On 6 June, Mickoski was formally asked by President Gordana Siljanovska-Davkova to form the next government, after he had unveiled a coalition agreement with the VLEN Coalition and For Our Macedonia (ZNAM). The investiture vote for Mickoski took place on 24 June, with 77 votes in favor, 22 against and 21 absent. The cabinet is expected to have 24 members, of which sixteen from the VMRO-DPMNE-led coalition Your Macedonia, six from the VLEN coalition block of Albanian opposition parties, and two from ZNAM.

==Reactions==
- Hungary — Prime Minister Viktor Orbán congratulated the VMRO-DPMNE on its "well-deserved and historic victory" in the presidential and parliamentary elections.
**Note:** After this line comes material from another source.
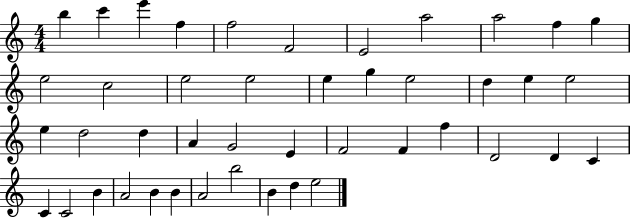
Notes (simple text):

B5/q C6/q E6/q F5/q F5/h F4/h E4/h A5/h A5/h F5/q G5/q E5/h C5/h E5/h E5/h E5/q G5/q E5/h D5/q E5/q E5/h E5/q D5/h D5/q A4/q G4/h E4/q F4/h F4/q F5/q D4/h D4/q C4/q C4/q C4/h B4/q A4/h B4/q B4/q A4/h B5/h B4/q D5/q E5/h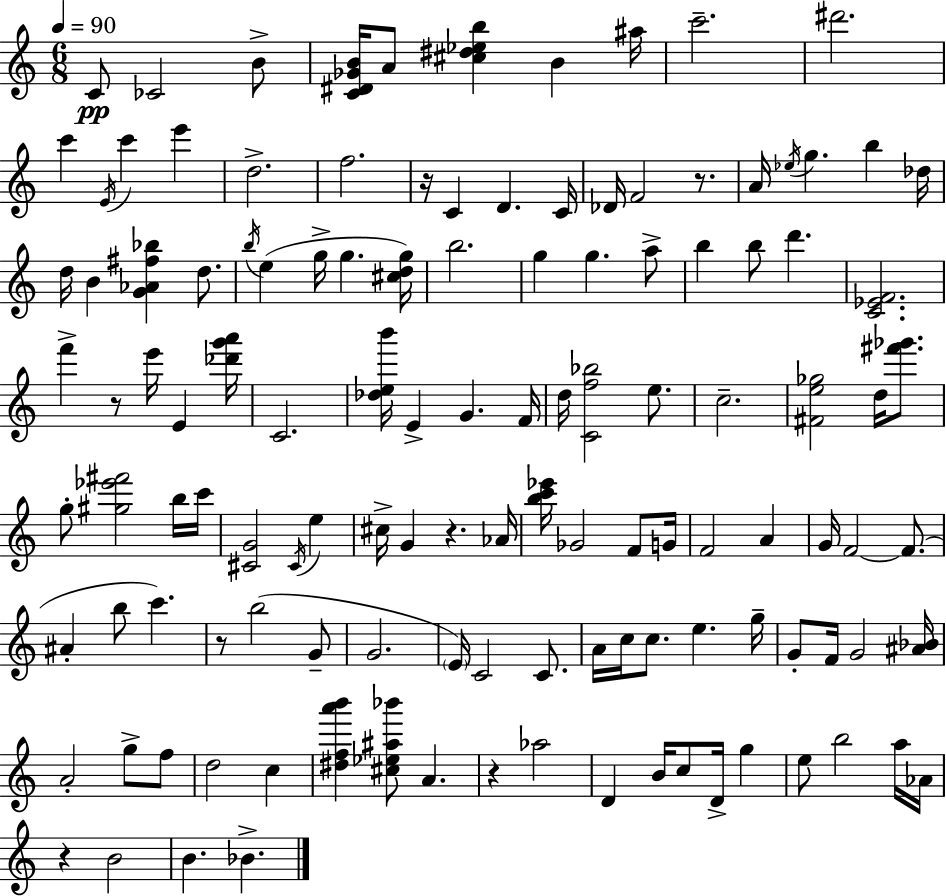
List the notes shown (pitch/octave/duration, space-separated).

Orban added that he looked forward to working together on giving North Macedonia a "new momentum to the EU accession process".
- United States — Ambassador Angela Aggeler expressed her congratulations "to all those citizens who exercised their right to vote in the presidential and parliamentary elections."